GIVEN INFORMATION:
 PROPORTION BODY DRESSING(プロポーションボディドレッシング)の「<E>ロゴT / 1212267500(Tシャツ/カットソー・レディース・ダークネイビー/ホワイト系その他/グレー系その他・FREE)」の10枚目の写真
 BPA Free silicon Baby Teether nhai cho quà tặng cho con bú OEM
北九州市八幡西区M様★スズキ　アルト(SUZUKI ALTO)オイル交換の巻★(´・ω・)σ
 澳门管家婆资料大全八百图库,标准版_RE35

* * *

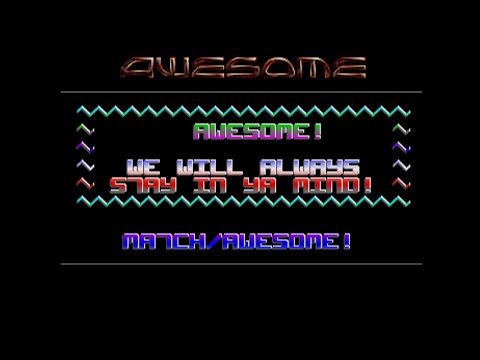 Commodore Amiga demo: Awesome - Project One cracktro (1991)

PROBLEM: The reply should consist solely of the lines above from the one that has "PROPORTION BODY DRESSING(プロポーションボディドレッシング)の「<E>ロゴT" through the one that has "澳门管家婆资料大全八百图库,标准版_RE35", reproduced exactly.

SOLUTION:
 PROPORTION BODY DRESSING(プロポーションボディドレッシング)の「<E>ロゴT / 1212267500(Tシャツ/カットソー・レディース・ダークネイビー/ホワイト系その他/グレー系その他・FREE)」の10枚目の写真
 BPA Free silicon Baby Teether nhai cho quà tặng cho con bú OEM
北九州市八幡西区M様★スズキ　アルト(SUZUKI ALTO)オイル交換の巻★(´・ω・)σ
 澳门管家婆资料大全八百图库,标准版_RE35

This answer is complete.